Rudman, who also had been the campaign manager for senator and former presidential candidate John McCain (R-Ariz.), discussed the administration's domestic social policies, the environment, education and taxes.
"I don't know where Bush is going on his foreign policy," Rudman said. He said he thinks that internal fissures in the White House between Vice President Dick Cheney, Secretary of Defense Donald Rumsfeld and Secretary of State Colin Powell could develop, but he said it is too early to predict how things will shake out. But he said there is one certainty: "Powell is the only member of the cabinet who cannot be fired. Powell has become an icon with the American people, and he is so well-respected."
On Bush's faith-based social initiatives, Rudman said, "It is an ill-advised policy; there is a lot of danger inherent in it." He explained that federally funding church programs in the name of community improvement would come with a steep price tag -- the intertwining of church and state.
The Belnick lecture fund was created by Cornell alumnus Mark A. Belnick '68 to honor his parents, who also attended the lecture. It is planned that the new fund will enhance the teaching and undergraduate experience in government studies at Cornell by bringing political leaders and political scientists to campus to stimulate intellectually challenging dialogue beyond the classroom.

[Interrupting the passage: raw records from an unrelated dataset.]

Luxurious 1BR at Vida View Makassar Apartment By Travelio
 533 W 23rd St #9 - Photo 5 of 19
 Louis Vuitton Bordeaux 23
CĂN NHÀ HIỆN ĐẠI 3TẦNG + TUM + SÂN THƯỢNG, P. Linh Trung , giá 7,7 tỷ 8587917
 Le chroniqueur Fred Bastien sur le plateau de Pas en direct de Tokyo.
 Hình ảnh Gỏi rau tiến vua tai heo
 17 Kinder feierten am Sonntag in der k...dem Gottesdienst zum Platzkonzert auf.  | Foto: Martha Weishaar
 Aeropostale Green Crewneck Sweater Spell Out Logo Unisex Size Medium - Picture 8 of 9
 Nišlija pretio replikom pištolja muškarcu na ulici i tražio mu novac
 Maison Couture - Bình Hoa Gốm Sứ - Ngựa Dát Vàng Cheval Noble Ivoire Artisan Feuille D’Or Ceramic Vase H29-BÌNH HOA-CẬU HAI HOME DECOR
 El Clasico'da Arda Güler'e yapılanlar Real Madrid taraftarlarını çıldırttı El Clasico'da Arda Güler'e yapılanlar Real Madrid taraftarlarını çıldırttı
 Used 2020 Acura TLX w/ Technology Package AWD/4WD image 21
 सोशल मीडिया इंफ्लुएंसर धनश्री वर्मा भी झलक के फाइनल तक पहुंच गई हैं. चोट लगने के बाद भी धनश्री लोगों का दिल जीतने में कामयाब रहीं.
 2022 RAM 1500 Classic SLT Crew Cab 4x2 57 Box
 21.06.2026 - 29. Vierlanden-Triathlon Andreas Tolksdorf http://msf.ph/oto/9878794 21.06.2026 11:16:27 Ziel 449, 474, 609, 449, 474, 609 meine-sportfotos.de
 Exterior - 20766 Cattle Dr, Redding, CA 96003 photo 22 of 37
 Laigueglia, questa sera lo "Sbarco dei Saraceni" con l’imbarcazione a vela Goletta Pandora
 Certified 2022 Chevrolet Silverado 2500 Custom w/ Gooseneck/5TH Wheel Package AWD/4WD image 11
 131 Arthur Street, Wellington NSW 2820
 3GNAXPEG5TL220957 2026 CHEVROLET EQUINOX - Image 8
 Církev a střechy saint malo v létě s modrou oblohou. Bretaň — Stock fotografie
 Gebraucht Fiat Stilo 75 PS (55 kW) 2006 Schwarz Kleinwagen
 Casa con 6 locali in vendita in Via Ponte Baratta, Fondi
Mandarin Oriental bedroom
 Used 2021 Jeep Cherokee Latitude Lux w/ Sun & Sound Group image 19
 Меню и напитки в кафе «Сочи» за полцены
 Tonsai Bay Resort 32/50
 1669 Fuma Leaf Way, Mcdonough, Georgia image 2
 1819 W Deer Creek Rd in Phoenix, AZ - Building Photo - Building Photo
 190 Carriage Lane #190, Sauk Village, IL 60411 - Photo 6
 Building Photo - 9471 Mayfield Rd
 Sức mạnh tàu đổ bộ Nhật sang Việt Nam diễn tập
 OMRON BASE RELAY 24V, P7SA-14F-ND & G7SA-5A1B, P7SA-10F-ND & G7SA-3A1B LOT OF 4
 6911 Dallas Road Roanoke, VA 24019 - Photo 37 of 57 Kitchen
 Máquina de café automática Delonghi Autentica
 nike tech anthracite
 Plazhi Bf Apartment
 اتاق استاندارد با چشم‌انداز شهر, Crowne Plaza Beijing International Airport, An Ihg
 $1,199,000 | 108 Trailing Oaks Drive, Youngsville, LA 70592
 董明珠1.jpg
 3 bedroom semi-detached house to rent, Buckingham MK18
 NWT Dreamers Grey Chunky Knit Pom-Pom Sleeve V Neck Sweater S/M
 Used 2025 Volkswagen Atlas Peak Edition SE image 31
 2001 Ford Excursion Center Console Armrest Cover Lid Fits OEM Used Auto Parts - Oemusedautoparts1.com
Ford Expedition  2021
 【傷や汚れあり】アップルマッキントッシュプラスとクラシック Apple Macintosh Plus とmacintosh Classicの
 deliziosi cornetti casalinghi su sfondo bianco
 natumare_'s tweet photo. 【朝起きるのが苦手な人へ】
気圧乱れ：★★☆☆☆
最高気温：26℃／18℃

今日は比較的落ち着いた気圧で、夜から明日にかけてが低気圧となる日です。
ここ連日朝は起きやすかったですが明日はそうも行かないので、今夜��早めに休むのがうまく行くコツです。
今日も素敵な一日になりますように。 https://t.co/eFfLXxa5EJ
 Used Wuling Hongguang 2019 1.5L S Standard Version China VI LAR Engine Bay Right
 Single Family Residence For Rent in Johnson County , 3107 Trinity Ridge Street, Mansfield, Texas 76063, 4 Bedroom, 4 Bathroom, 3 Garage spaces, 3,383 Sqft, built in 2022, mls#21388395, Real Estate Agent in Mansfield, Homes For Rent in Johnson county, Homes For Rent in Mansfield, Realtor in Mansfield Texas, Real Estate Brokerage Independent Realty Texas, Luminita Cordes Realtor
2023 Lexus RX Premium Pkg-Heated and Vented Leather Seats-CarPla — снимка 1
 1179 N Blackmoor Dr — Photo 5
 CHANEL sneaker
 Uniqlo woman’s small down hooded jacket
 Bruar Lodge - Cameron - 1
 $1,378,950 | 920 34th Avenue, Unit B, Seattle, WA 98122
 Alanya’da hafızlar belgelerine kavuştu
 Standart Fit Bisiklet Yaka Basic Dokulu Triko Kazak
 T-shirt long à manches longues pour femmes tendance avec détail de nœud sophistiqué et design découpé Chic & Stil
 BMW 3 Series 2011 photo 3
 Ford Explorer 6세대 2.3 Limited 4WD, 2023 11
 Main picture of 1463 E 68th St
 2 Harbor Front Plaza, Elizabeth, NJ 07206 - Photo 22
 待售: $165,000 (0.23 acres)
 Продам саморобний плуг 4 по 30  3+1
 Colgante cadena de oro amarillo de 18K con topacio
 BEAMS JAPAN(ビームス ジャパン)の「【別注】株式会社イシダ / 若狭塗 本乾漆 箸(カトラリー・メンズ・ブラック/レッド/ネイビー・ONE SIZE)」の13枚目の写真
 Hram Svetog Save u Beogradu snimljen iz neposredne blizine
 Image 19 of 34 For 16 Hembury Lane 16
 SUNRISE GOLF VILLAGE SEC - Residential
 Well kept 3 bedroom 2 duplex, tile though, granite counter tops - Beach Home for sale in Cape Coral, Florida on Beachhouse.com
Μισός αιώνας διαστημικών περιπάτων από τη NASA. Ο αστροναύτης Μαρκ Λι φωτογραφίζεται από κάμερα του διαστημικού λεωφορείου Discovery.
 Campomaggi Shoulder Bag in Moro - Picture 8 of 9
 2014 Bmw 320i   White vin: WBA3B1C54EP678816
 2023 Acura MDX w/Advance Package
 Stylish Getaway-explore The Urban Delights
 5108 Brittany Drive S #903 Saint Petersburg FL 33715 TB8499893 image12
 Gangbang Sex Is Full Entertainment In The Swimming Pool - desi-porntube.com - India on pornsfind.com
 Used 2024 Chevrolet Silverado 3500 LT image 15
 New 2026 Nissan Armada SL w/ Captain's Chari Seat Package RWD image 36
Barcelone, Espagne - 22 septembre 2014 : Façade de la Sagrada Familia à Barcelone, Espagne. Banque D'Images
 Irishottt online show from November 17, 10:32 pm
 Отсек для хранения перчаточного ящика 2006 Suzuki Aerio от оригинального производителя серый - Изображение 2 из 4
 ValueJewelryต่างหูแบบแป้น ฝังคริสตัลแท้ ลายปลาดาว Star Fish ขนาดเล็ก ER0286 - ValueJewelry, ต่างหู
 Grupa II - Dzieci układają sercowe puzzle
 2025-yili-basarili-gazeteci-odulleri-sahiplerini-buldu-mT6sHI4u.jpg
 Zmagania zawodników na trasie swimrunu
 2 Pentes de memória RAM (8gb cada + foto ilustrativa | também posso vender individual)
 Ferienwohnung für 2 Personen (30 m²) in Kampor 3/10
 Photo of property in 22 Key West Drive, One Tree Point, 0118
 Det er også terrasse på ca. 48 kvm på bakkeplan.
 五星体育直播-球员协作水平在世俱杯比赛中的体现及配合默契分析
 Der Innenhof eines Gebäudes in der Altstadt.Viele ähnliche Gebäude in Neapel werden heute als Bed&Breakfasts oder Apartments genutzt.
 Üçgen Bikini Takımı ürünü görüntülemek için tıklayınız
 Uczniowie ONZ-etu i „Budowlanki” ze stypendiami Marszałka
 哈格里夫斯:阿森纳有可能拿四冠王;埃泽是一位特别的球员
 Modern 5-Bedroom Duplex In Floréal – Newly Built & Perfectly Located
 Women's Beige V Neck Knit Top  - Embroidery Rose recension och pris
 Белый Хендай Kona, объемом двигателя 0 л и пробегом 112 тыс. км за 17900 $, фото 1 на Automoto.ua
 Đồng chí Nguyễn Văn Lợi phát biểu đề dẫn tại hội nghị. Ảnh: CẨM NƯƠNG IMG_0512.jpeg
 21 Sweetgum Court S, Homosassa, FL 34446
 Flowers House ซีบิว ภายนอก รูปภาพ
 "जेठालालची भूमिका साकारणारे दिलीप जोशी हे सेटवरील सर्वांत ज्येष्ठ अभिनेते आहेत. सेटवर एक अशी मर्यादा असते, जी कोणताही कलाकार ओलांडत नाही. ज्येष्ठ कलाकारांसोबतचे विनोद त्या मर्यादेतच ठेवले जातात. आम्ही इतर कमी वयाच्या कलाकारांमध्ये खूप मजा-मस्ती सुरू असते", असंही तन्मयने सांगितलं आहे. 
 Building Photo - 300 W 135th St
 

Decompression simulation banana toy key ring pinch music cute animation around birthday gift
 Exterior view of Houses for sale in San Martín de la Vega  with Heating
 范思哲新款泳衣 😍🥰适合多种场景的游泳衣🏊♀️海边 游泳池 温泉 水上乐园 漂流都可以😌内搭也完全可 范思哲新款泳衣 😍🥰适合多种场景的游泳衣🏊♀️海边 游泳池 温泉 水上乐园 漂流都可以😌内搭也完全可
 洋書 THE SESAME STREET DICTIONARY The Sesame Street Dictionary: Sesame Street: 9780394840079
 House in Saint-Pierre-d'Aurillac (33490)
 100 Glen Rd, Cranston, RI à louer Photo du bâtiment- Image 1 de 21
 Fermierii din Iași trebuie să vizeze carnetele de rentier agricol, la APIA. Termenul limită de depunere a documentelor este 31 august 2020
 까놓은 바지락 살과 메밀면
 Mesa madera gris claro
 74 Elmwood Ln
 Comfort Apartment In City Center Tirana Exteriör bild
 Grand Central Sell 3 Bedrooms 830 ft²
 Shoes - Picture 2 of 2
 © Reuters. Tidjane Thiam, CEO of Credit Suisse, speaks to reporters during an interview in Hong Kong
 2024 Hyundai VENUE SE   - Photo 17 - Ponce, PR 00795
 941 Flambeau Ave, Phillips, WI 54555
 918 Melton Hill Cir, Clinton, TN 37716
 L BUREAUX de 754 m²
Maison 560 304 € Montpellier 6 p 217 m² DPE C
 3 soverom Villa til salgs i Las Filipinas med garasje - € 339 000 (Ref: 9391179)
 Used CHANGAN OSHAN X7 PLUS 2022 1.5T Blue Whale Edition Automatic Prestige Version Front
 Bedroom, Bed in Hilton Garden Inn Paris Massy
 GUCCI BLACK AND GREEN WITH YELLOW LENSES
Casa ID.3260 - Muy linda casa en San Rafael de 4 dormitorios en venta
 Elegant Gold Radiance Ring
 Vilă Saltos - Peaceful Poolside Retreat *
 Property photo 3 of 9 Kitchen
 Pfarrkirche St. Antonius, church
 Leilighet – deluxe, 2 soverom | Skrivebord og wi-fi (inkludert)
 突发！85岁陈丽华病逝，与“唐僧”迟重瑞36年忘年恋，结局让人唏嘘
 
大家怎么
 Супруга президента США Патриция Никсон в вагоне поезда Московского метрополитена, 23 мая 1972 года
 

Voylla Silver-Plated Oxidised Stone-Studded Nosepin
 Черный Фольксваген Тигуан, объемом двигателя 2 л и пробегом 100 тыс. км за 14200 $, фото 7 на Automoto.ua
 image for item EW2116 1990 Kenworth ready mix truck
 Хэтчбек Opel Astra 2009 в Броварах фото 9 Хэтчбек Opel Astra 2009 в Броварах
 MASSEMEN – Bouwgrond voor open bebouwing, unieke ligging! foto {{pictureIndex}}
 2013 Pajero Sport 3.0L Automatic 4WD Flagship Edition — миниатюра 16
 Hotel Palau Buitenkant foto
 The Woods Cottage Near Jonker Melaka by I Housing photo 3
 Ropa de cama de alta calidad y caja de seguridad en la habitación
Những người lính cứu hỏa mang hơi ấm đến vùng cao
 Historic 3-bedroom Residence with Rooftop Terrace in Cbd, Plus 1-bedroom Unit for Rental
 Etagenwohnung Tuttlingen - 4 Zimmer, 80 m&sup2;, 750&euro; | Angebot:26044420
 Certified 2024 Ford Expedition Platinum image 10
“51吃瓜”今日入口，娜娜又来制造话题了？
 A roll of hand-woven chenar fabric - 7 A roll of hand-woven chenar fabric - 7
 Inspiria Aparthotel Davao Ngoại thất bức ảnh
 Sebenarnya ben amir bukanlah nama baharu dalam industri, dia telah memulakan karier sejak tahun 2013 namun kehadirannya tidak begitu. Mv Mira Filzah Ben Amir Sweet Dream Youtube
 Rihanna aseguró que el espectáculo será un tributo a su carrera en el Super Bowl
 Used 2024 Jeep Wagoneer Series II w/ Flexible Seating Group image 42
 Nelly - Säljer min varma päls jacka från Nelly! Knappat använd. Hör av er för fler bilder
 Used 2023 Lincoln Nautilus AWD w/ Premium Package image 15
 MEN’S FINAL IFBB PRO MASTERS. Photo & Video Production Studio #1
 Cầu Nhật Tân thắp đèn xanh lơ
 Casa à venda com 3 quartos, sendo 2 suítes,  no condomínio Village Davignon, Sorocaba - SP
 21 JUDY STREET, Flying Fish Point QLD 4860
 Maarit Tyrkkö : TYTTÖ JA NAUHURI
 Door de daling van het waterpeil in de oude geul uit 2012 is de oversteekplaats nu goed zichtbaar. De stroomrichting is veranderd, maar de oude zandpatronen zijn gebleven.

Rudman, who served two terms in the Senate, was an author of the landmark Gramm-Rudman-Hollings Act of 1985 that put federal budget deficit reduction into law. "People still think my first name is Gramm," he quipped. Additionally, he earned bipartisan recognition for his aggressive investigation of the Iran-Contra affair as vice chairman of the Senate Select Committee. In 1992 he became a founding member of the Concord Coalition, a nonprofit group dedicated to increasing public awareness of national fiscal affairs.
When asked if Americans should worry about having the Roe v. Wade decision overturned by virtue of new Bush-picked Supreme Court justices, Rudman said that Americans need not worry. The administration and the Senate will likely ensure that the next Supreme Court will not change Roe v. Wade, he said. "Besides, it's not the Supreme Court you should be worried about," he said. "It's the lower federal courts. Those judges are drawn from the ranks of young Republican lawyers, who are usually members of The Federalist Society."